I spent about 85$ on the fiberglass hood pan, 40$ on the foam seal (I would skip it in retrospect and just rig my own out of some other foam, and apply that saving towards going with a steel repro pan), and about 50$ for the air filter and lid. Shipping was over 35$ just for the large size of the box I guess. All together, not cheap, but I am cool with the 68 hood parts because you dont have to cut pieces off. The lower half looks funn using the stock carb pan, but I really do think it breaths better than the II, III, or IV full RA set ups. When all is said and done, these hood scoops are not high enough off the hood to be above the smooth air flow. There cannot be a significant ram effect compared like higher scoops can snag. But this set up does give you a lot of cool air flowing and directed right at a very unrestricted path to the carb.


----------



## GTO JUDGE (May 14, 2005)

I like the set up. Ingenious. 

I have seen the RA 3 set up on ebay for 850.00. Includes all except the preheater and manifold that I can see.


----------



## ramairthree (Feb 28, 2009)

GTO JUDGE said:


> I like the set up. Ingenious.
> 
> I have seen the RA 3 set up on ebay for 850.00. Includes all except the preheater and manifold that I can see.


I mainly see two different places for the 69 kits. Similar costs, but one without scoops has most of the other little pieces, and the scoops are over 150$ before paint, and do not tend to hold up if acutally used much (where they are bolted to the assembly). The other kit has scoops but missing sundry little items. Then add shipping, etc. You are looking at 1000$ either set for complete parts. 

And you also have to do some removal of your hood frame, etc.
The real 69 set up is the way to go for the coolest, best set up if you ask me.

My way is the way to go for least expenditure to get a similar or better effect. You do have to open up a set of stock scoops. (which you can get for 20 to 30$)

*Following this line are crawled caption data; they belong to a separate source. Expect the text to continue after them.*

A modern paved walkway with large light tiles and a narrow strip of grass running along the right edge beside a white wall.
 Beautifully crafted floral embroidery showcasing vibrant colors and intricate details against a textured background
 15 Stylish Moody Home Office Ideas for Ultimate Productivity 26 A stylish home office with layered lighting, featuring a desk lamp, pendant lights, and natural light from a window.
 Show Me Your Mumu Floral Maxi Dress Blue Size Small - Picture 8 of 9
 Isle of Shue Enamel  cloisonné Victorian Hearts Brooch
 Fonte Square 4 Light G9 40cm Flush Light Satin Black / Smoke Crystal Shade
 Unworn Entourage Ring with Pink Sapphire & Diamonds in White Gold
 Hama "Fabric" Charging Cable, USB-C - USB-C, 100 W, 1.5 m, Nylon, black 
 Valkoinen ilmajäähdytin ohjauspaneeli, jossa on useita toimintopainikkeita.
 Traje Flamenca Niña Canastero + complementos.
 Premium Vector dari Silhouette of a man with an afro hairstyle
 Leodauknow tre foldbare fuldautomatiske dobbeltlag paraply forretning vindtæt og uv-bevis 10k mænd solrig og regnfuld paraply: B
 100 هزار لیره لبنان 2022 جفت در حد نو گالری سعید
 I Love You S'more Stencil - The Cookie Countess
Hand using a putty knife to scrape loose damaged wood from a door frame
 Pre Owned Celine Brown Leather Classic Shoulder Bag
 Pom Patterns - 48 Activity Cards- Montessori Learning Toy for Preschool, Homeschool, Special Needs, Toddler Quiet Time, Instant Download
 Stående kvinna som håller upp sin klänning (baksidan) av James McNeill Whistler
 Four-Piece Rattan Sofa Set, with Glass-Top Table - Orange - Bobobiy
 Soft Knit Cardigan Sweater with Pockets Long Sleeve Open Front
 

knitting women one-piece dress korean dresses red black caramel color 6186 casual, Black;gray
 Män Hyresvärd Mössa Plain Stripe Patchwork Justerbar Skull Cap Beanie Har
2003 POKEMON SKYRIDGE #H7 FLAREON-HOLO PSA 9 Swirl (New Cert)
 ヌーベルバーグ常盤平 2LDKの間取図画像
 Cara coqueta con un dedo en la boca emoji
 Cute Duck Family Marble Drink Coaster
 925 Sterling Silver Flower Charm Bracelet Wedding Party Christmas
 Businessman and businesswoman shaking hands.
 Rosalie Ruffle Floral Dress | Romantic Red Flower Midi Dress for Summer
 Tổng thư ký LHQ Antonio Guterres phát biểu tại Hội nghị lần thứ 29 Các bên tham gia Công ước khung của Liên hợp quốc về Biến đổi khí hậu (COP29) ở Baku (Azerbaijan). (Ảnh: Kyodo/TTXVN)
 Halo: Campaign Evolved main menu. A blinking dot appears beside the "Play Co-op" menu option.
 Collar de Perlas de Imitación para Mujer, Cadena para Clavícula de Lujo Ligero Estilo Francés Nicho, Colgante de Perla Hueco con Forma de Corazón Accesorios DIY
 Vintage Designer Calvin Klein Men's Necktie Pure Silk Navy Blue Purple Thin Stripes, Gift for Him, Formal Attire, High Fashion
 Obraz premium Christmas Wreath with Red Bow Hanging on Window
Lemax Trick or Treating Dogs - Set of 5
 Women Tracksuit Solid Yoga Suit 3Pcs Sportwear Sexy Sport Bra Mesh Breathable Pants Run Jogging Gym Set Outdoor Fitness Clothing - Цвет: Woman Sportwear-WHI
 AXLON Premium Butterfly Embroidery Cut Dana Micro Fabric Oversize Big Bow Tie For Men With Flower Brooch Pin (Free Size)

I would rather have a real 69 set up to be honest. The cable and bracket would be really cool. But this is a comparatively quick and inexpensive option leaving some bucks to got towards other stuff for the car or even towards another car. Plus, if I had the factory correct set up, I would just go overboard and ruin it but putting the humbler cable knob on it to for a pair of VOE mufflers that really belong on a 70.


----------



## Jstreet (Mar 9, 2009)

How much space do you have between the lip of the air cleaner and the fiberglass housing? Maybe a carb spacer could take up some of the gap and you could use some rubber moulding to seal it off. Just a thought. If you don't know, use some modeling clay and place it around the air cleaner. Close the hood and see what kind of compression you get. Measure the clay. that would be a good starting point.


----------



## GTO JUDGE (May 14, 2005)

ramairthree said:


> I mainly see two different places for the 69 kits. Similar costs, but one without scoops has most of the other little pieces, and the scoops are over 150$ before paint, and do not tend to hold up if acutally used much (where they are bolted to the assembly). The other kit has scoops but missing sundry little items. Then add shipping, etc. You are looking at 1000$ either set for complete parts.
> 
> And you also have to do some removal of your hood frame, etc.
> The real 69 set up is the way to go for the coolest, best set up if you ask me.
> ...


The set up I see advertised includes whats stated below. Here is some of what the add states, the price for the 1970 is 900.00. I am not advocating this item, if one wants to view it it can be found on Ebays All of Ebay motors section. 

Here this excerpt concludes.